Dovilės Jablonskaitės/15min.lt nuotr./The captio reads: This is how Peasant People's Union is "fishing" for votes. |
All Lithuanian political parties – save for the underground Communist Party which boycotted the election – competed for seats in the Constituent Seimas (which had to adopt a constitution for a newly-independent country), including national minority organizations and other political, ideological, or even ad hoc groups. The candidate list contained 31 organizations.
The most heated fight erupted between the Christian Democrats and the Peasant Union. “Without delaying for a single day, let's flock to the only organization of working people – the Peasant Union. Otherwise, we will be ruled by clerics and their henchmen,” an announcement reads from the 8 February edition of the “Lithuanian Farmer.” Another issue adds: “Separating the Church from the state will affect priests' purses and decrease their influence in public life.”
Another article, published after the Peasants' convention of 15 February, warns that priests are not sitting idle either: “Squads of the Lithuanian Peasant Union have to hold four fronts almost everywhere. Firstly, all priests without exception have declared war on the union. Some representative tell us with tears in their eyes about the dirty tricks that priests revert to – even threatening to refuse to hear confession in order to undermine independent action of the peasant organization.”
The paper publishes readers' letters, telling how “priests are using God's word for party interests and have turned the church into a bazaar.” Even the confessionals are used as leverage: “Priests in many places are asking people during Easter confessions if they are not members of the Peasant Union or socialist people's democrats, frightening them and dissuading, some even refuse to give absolution,” alleging that “all socialists will go to hell after death and drink boiling oil.”

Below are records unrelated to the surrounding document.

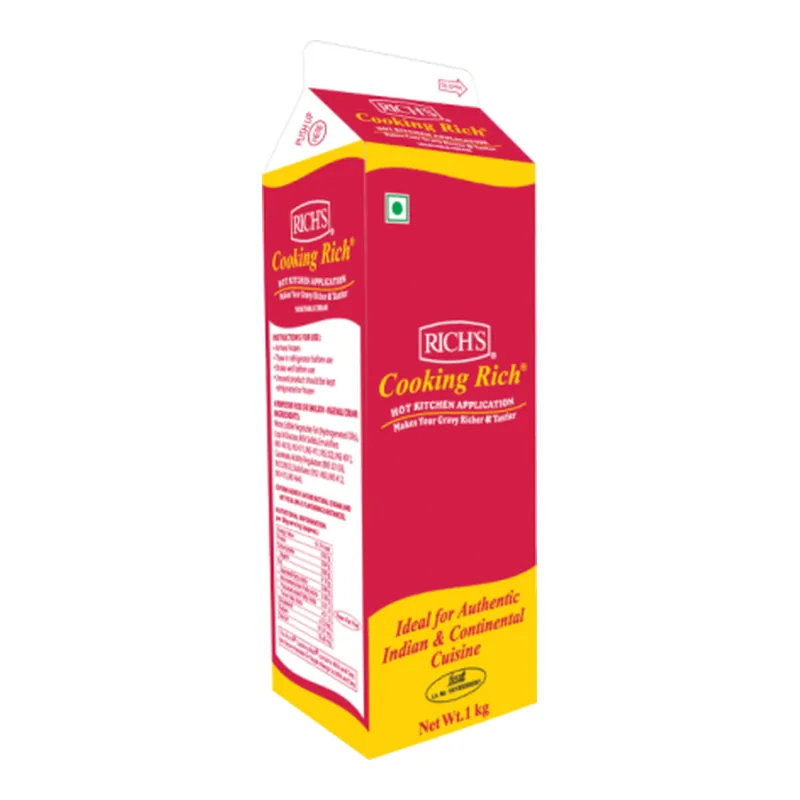 Rich Cooking Cream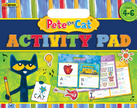 Teacher Created Resources - Pete the Cat® Large Activity Pad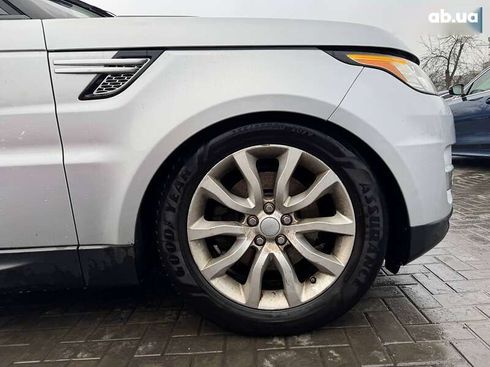 Land Rover Range Rover Sport 2016 - фото 17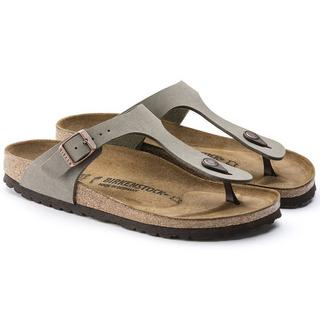 BIRKENSTOCK  Gizeh BS - Leder sandale 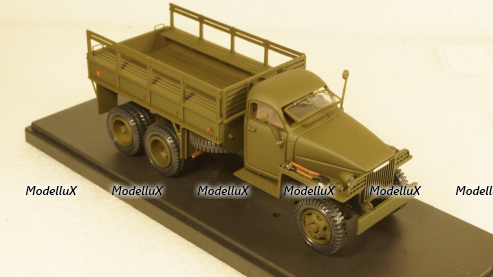 Studebaker US-6 борт, Miniclassic 1:43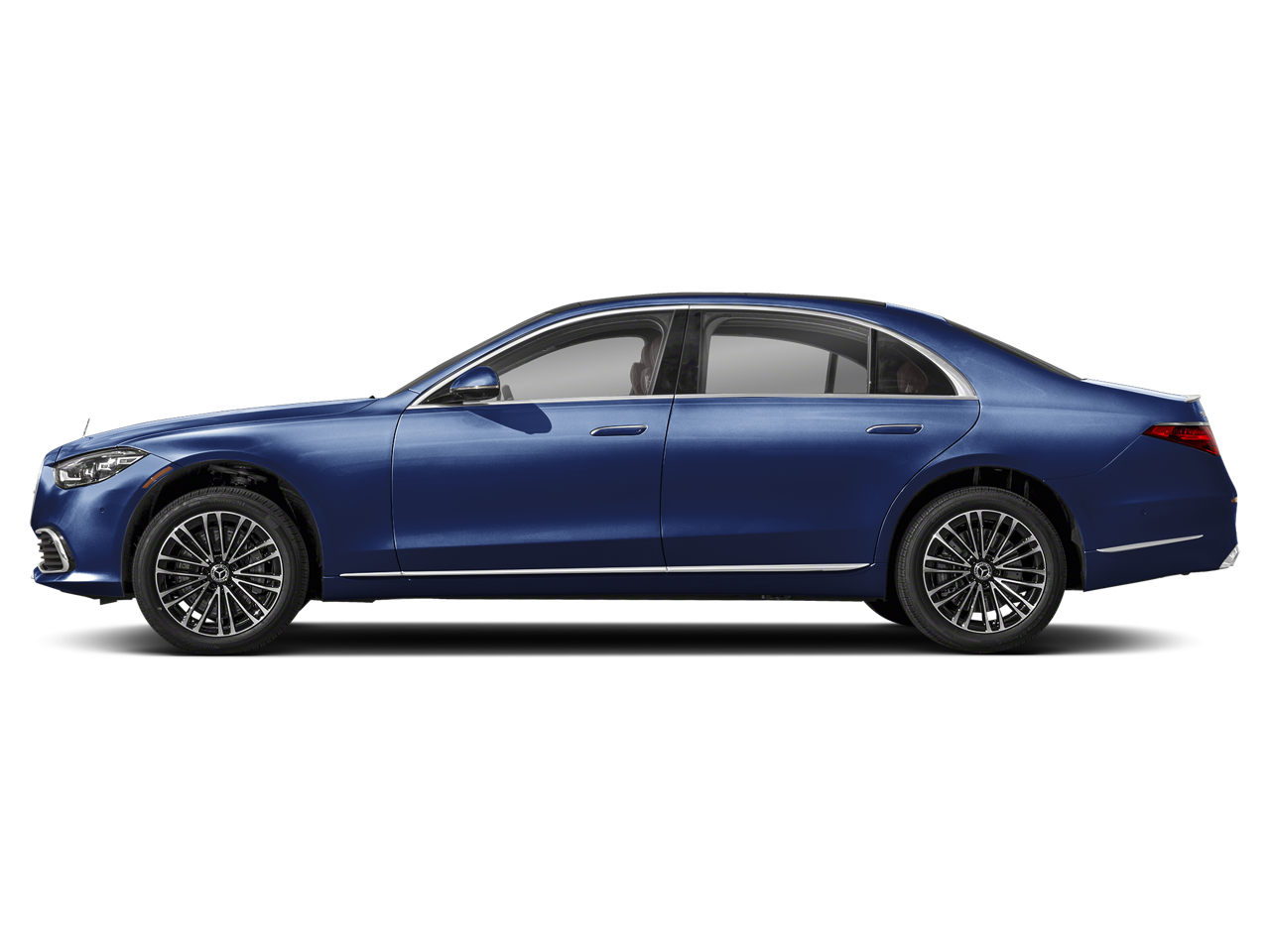 2025 Mercedes-Benz S-Class S 580 4MATIC®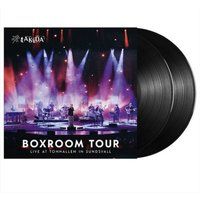 Boxroom Takida Boxroom Tour - Live at Tonhallen in Sundsvall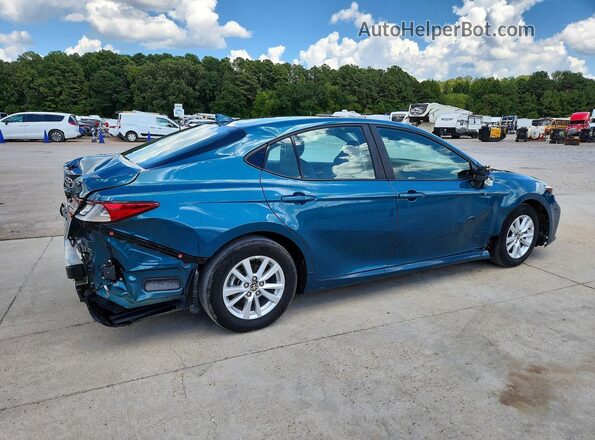4T1DAACK1TU674541 2026 TOYOTA CAMRY Turquoise უკანა მარჯვენა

The Peasant Union urges people to be alert and not succumb to the “divide an conquer” game of the Christian Democrats: “Priests and their accomplices have lately set up all kinds of traps: the Christian Democratic Party, the Agriculture Union, the Farmers Union, the Labour Federation, then a dozen of organizations like 'Spring', 'St. Joseph', 'St. Casimir', 'St. Zita' and all sorts of other names. Why are they trying to lure us? In order to divide and fool us.”
Meanwhile the Christian Democrats bemoan in the “Homeland Watch” that the school and teachers have given in to the left.
Dovilės Jablonskaitės/15min.lt nuotr./Political cartoon, saying how "prudes" and devout "spinsters" are driving the load of Christian political campaigning. |
“Many regard the school as a perverting institution. Left-leaning teachers do their work and in order to achieve their goals, they resort to bold measures. Teachers, who make up only a small fraction of the society, who know A and B, are claiming the right to lead a child of believing parents along their own path, put him on the slippery road of godlessness?” the paper's columnist asks.
Close contacts with the Catholic church, sermons from the pulpit, urging people to not vote for “infidels” and “ciciliks” (socialists) helped the Christian Democratic Union win the elections to the Constituent Seimas, where they and ideologically close organizations – the Lithuanian Farmers Union and the Lithuanian Labour Federation – claimed almost 53 percent of the seats.
Second was a block consisting of the Lithuanian Socialist People's Democrats and the Lithuanian Peasant Union (the two merged in 1922 to form the Lithuanian Peasant People's Union) with one fourth of the vote.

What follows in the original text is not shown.